*** Block opens ***

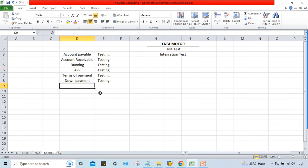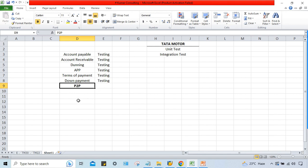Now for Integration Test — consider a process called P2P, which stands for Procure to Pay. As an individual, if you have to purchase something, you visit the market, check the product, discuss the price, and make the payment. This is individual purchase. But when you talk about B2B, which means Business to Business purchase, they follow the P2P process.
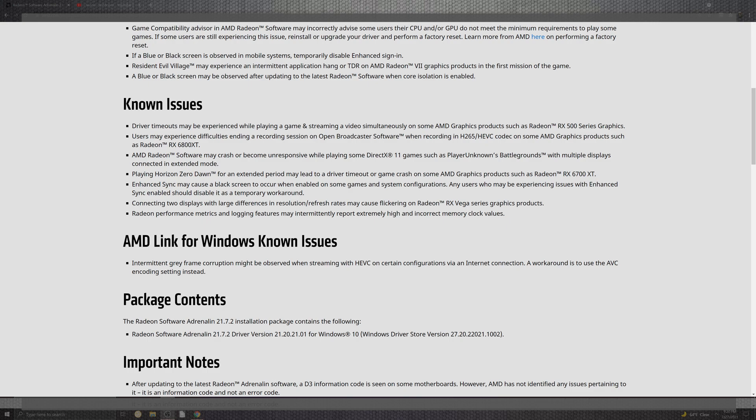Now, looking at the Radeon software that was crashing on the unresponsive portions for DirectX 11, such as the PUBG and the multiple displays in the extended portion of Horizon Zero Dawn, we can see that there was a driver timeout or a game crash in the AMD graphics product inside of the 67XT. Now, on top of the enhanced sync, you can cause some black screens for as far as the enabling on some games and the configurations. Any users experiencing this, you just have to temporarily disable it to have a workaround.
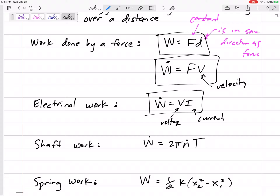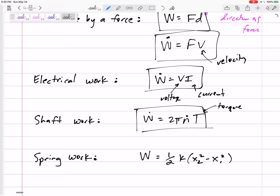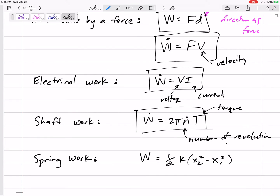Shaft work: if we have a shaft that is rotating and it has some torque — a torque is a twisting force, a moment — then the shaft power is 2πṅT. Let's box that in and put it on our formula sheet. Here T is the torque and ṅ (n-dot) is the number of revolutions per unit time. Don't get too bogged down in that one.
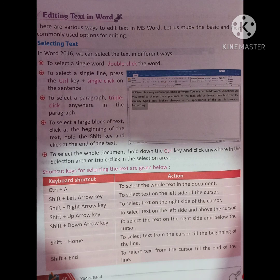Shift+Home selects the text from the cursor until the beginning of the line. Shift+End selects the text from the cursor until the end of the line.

*** Block closes ***

## [TASK OBJECTIVE]
Leave the images out and transcribe the rest of the material exactly.

## [OUTPUT BELOW]
Now for Integration Test — consider a process called P2P, which stands for Procure to Pay. As an individual, if you have to purchase something, you visit the market, check the product, discuss the price, and make the payment. This is individual purchase. But when you talk about B2B, which means Business to Business purchase, they follow the P2P process.
Now, looking at the Radeon software that was crashing on the unresponsive portions for DirectX 11, such as the PUBG and the multiple displays in the extended portion of Horizon Zero Dawn, we can see that there was a driver timeout or a game crash in the AMD graphics product inside of the 67XT. Now, on top of the enhanced sync, you can cause some black screens for as far as the enabling on some games and the configurations. Any users experiencing this, you just have to temporarily disable it to have a workaround.
Shaft work: if we have a shaft that is rotating and it has some torque — a torque is a twisting force, a moment — then the shaft power is 2πṅT. Let's box that in and put it on our formula sheet. Here T is the torque and ṅ (n-dot) is the number of revolutions per unit time. Don't get too bogged down in that one.
Shift+Home selects the text from the cursor until the beginning of the line. Shift+End selects the text from the cursor until the end of the line.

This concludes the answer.